*ASSIGNED TASK*
Taking the data below, please print only the lines from the line holding "this 1270×952 image." to the line holding "this 183×123 image.", inclusive, with pictures omitted.

*Annotated photo localization data*

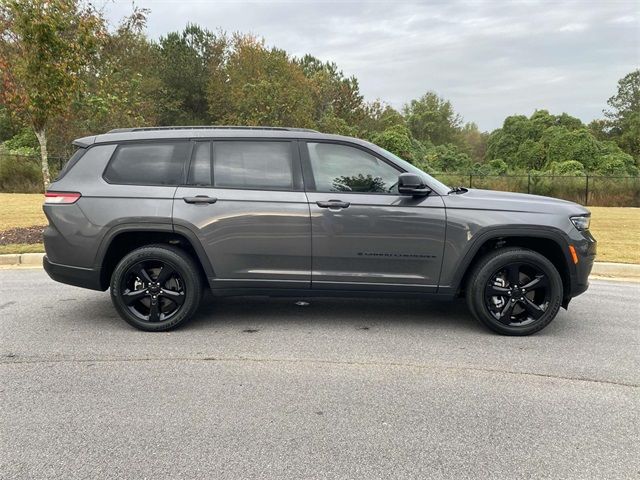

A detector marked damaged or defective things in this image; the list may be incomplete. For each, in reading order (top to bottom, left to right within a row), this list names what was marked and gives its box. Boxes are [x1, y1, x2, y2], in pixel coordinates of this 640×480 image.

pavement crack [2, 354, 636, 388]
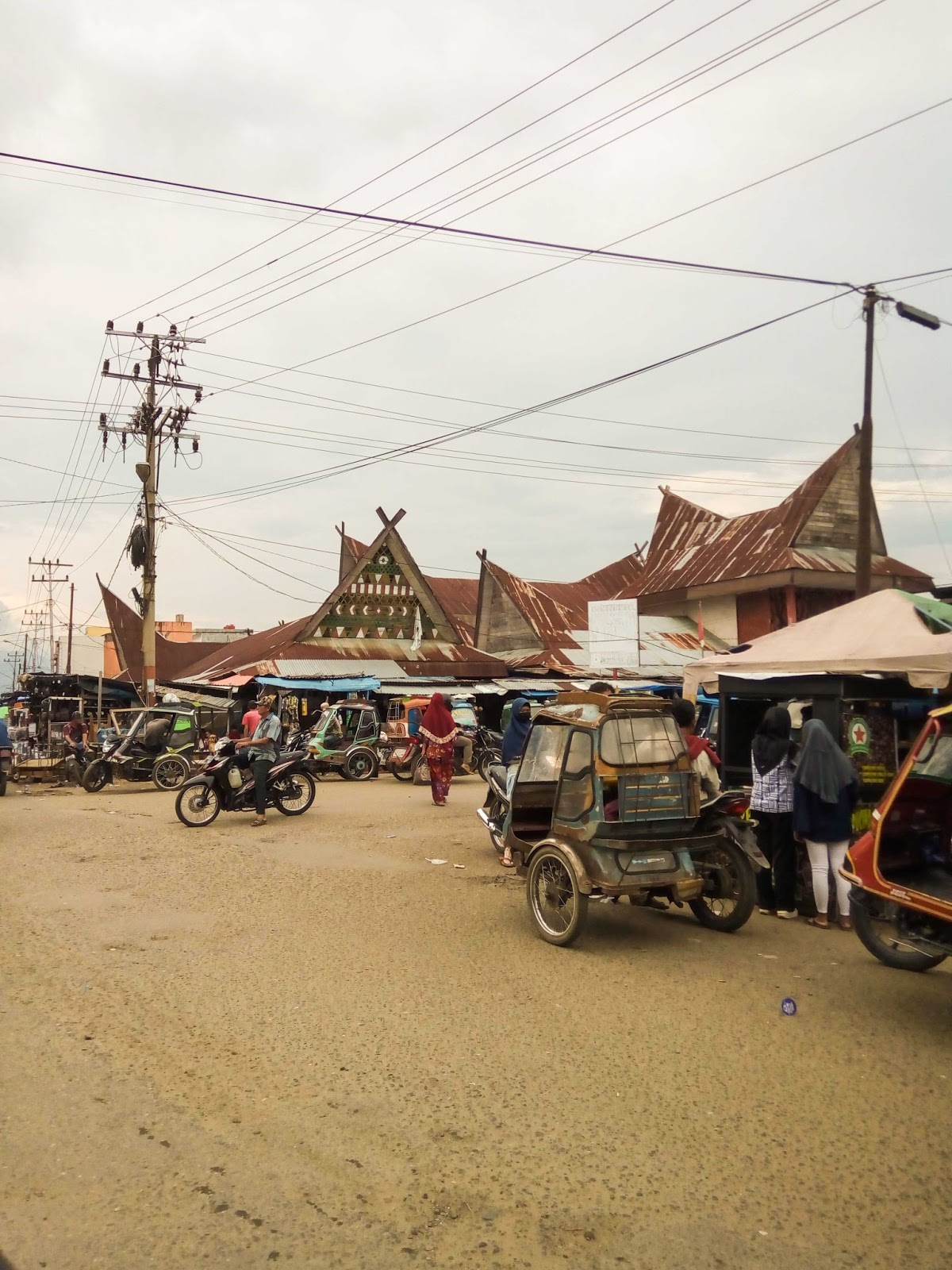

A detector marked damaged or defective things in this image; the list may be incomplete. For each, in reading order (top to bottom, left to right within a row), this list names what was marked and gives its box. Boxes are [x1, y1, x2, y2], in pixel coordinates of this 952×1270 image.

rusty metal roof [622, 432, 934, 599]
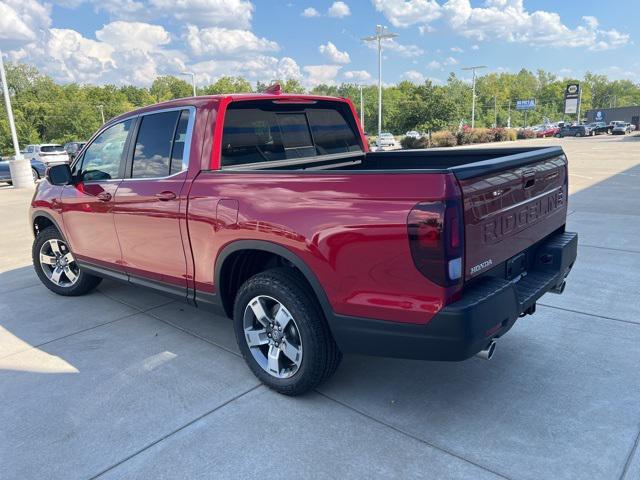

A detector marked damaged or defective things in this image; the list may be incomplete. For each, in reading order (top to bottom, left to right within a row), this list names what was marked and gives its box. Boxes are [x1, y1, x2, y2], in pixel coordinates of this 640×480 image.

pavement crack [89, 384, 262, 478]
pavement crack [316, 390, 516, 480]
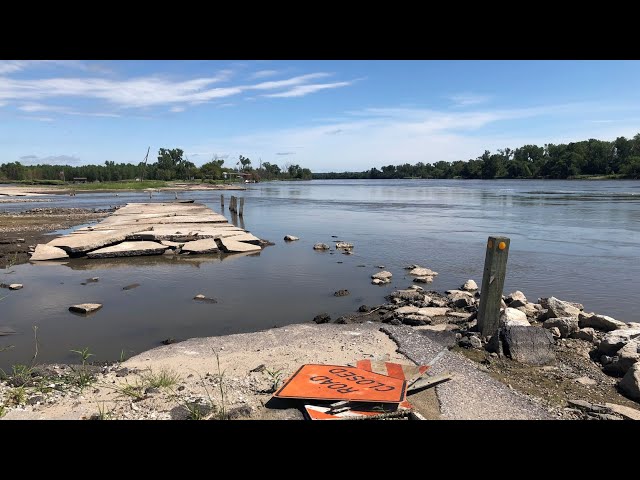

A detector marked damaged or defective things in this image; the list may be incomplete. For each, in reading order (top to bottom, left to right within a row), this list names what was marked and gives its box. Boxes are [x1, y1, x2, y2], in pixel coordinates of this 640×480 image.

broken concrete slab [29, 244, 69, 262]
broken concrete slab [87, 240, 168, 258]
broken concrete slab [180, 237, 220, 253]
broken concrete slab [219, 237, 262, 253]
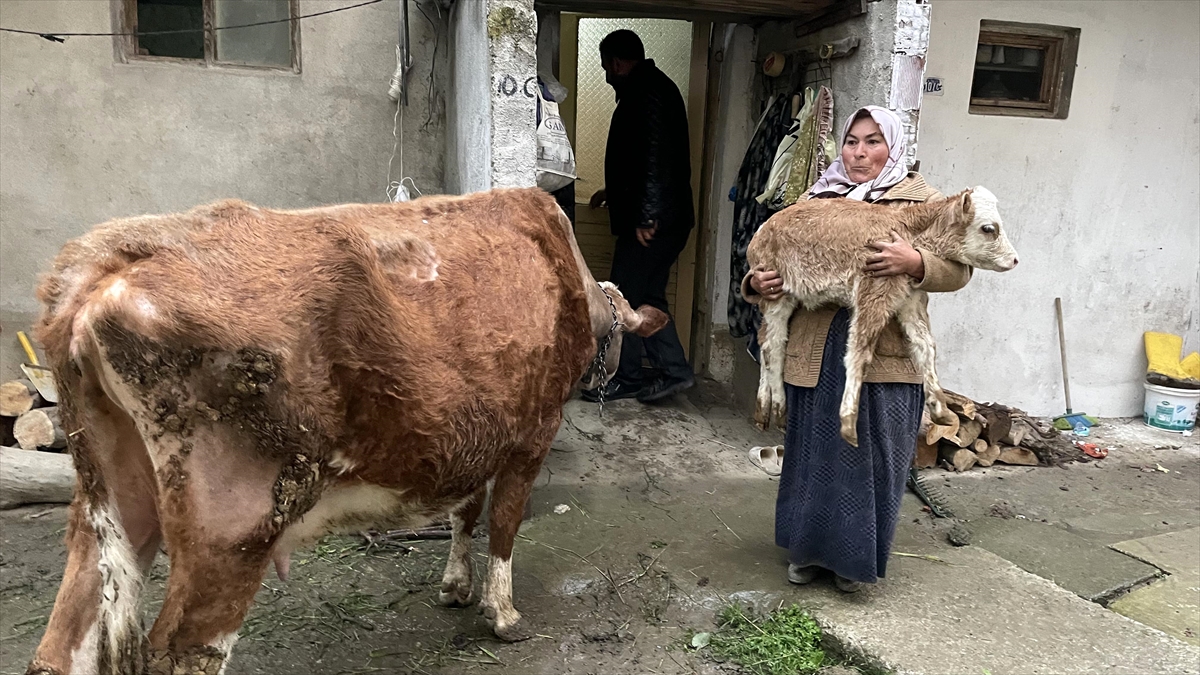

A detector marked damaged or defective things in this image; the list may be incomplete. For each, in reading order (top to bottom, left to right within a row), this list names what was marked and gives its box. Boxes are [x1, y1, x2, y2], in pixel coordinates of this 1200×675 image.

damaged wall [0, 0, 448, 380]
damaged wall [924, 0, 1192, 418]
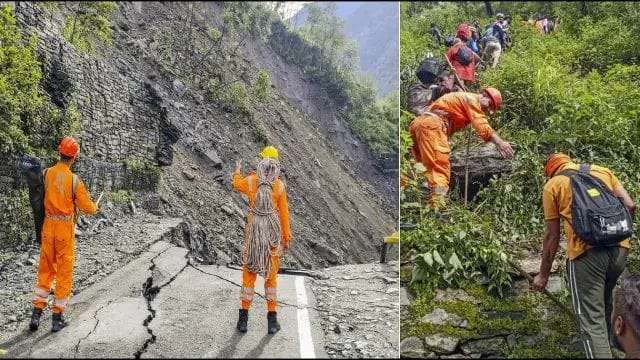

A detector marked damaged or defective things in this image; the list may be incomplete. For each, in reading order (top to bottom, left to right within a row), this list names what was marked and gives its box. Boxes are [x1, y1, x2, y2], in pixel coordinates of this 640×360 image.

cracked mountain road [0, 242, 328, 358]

...

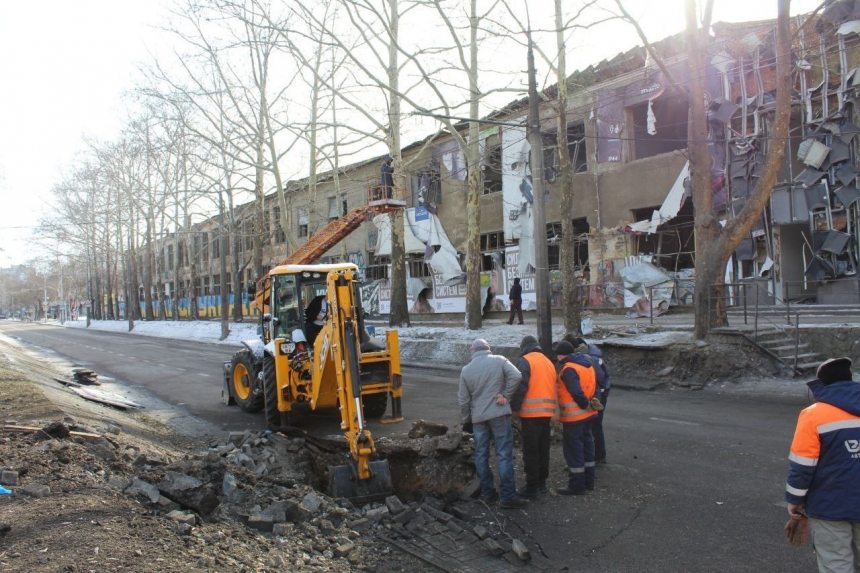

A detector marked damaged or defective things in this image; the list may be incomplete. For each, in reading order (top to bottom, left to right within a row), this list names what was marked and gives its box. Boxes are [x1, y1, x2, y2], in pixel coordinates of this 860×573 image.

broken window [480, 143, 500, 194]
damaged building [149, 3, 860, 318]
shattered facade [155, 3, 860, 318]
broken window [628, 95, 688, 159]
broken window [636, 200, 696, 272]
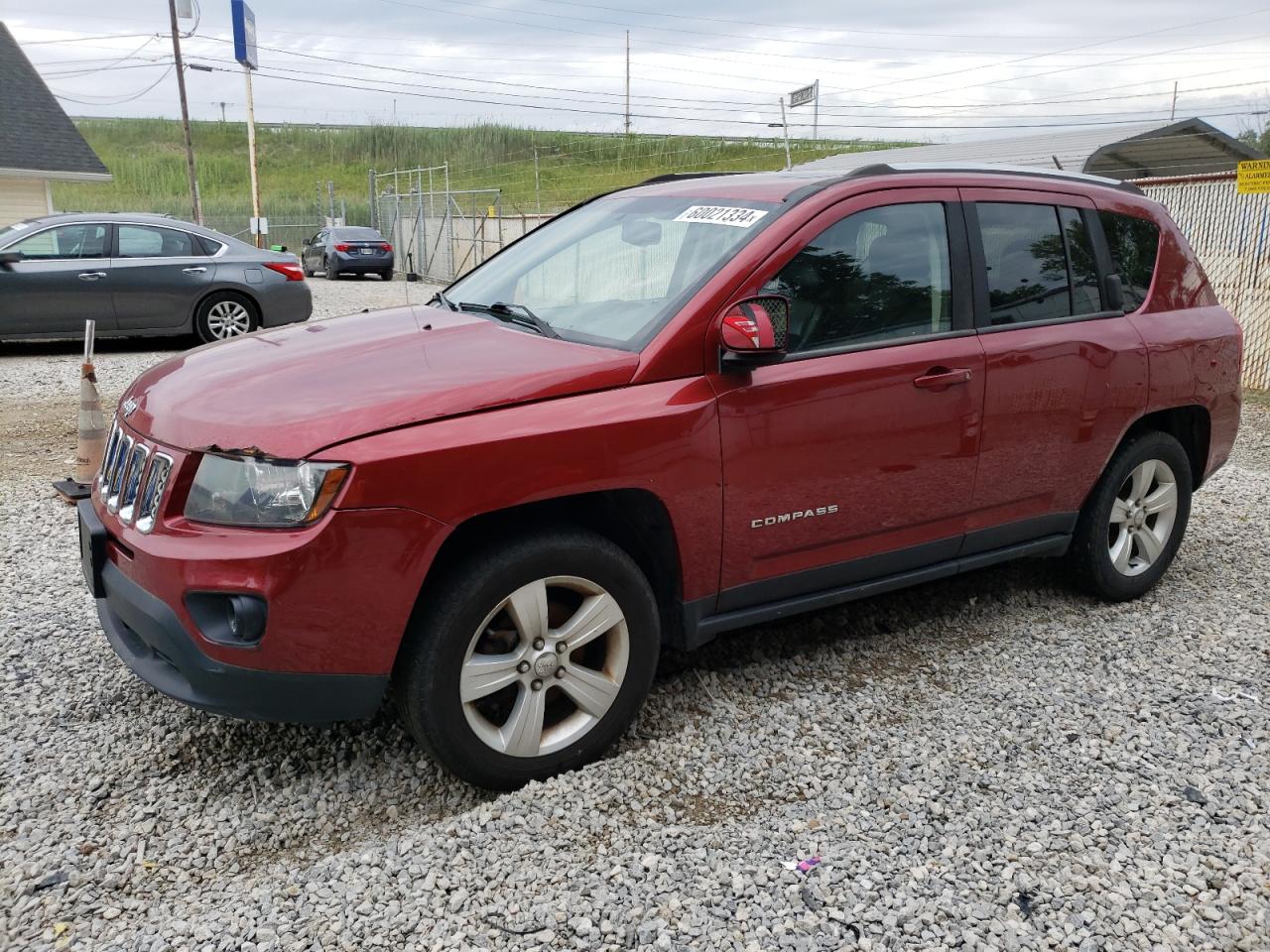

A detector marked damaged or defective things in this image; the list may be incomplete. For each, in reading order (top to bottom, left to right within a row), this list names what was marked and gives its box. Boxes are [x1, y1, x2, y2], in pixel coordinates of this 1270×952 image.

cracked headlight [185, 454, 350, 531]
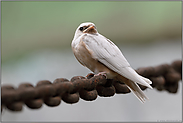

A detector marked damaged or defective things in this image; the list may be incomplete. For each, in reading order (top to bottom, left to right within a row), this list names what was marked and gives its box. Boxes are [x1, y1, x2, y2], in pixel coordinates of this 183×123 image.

*OUTPUT FOR THIS EXERCISE*
A detector marked damaged or defective things in this image; the list may be incomplete. For each, in reading order (top to bottom, left to right within a row), this list names what was marked and gives its box. Boxes are [x1, y1, x2, y2], in pixel coordinates of this 1270×952 image.

cracked headlight [185, 454, 350, 531]

A detector marked damaged or defective things in this image; the list may be incomplete. For each, in reading order (top to bottom, left to right within a row), this list names what was marked and gives its box. Boxes are [x1, y1, x2, y2], in pixel coordinates of this 183×123 image.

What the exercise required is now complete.